Federal politicians have demanded South African authorities take action against an aircraft maintenance company at the centre of a crash that killed three West Australians 8 1/2 years ago.
In an unusual move, WA Labor frontbencher Gary Gray and WA Liberal MP Judi Moylan have criticised the South African investigation into the company, warning more people could die if safety standards were not enforced.
Justine Watters and husband Matthew, both 26, and Matthew's mother Shirley, 58, all from Darlington, died in a light plane crash near Victoria Falls on September 9, 2004.
Also killed were their friends from Britain, Justin and Rebecca Ward, and Canadian pilot Mike Channer.
The group was on a two-week holiday in Zambia and on the way to view Victoria Falls when the propeller of the Cessna 210 fell off while the aircraft was at 8000ft.
The pilot made an attempt to glide the aircraft to a safe landing, but oil splashed across the window and obscured his view and the plane crashed into trees, killing all aboard.
The plane was maintained in South Africa by Nelair and local air safety authorities promised the company would lose its licence and be barred from trading.
But Nelair is still operating and is thought to be one of the country's biggest maintenance operators.
It has been linked to at least two other major crashes since - with one incident also involving a propeller coming off a plane.
Mrs Watters' father Sam Morton has continued to pursue Nelair.
"This is about the natural progression of the truth," Mr Morton said. "I have got no axe to grind.

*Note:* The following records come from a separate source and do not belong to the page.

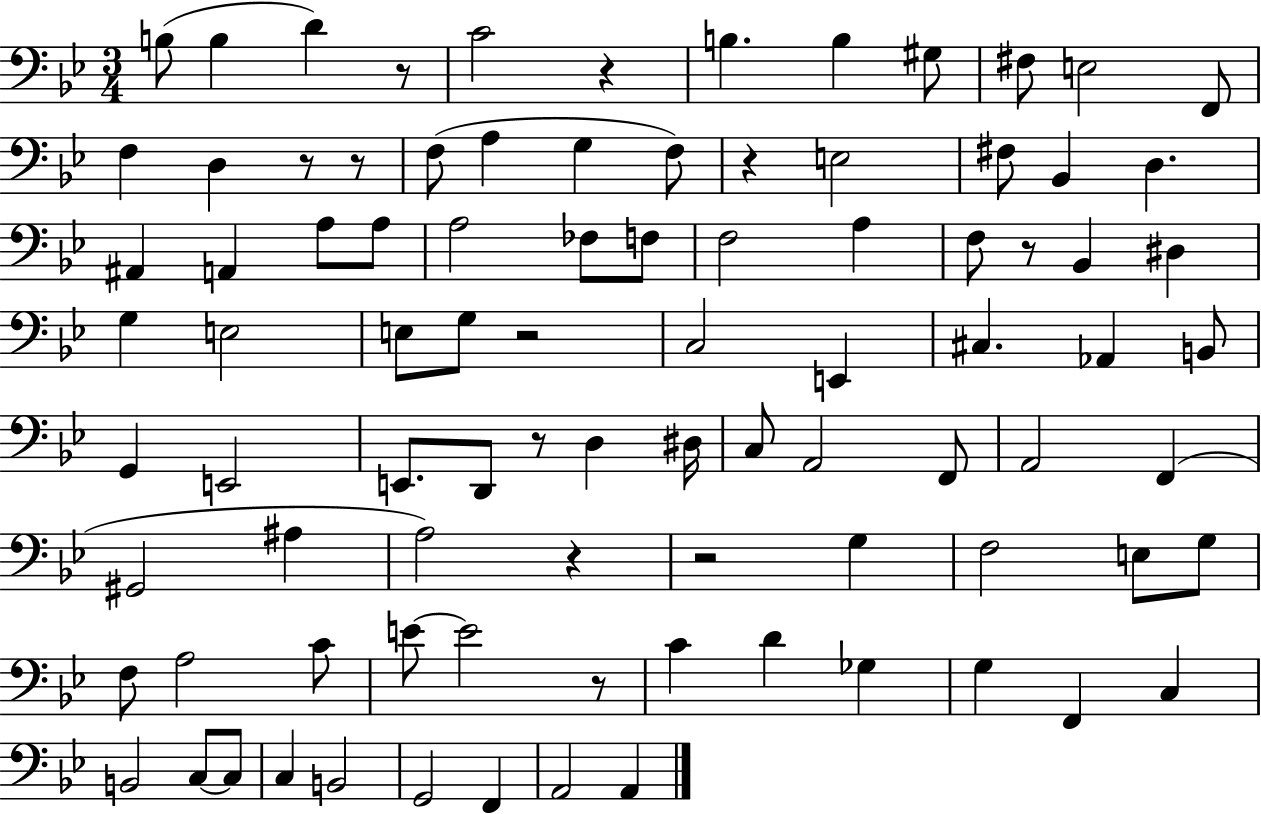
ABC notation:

X:1
T:Untitled
M:3/4
L:1/4
K:Bb
B,/2 B, D z/2 C2 z B, B, ^G,/2 ^F,/2 E,2 F,,/2 F, D, z/2 z/2 F,/2 A, G, F,/2 z E,2 ^F,/2 _B,, D, ^A,, A,, A,/2 A,/2 A,2 _F,/2 F,/2 F,2 A, F,/2 z/2 _B,, ^D, G, E,2 E,/2 G,/2 z2 C,2 E,, ^C, _A,, B,,/2 G,, E,,2 E,,/2 D,,/2 z/2 D, ^D,/4 C,/2 A,,2 F,,/2 A,,2 F,, ^G,,2 ^A, A,2 z z2 G, F,2 E,/2 G,/2 F,/2 A,2 C/2 E/2 E2 z/2 C D _G, G, F,, C, B,,2 C,/2 C,/2 C, B,,2 G,,2 F,, A,,2 A,,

It could be that there was no negligence here and it was just a tragic accident."
The South African investigation has been marred by delays and the mysterious loss of key files and evidence.
Mr Gray and Ms Moylan spoke in Parliament this week expressing their frustration at the lack of action against the company.
The South African High Commission said its Government was disappointed evidence related to the case had gone missing.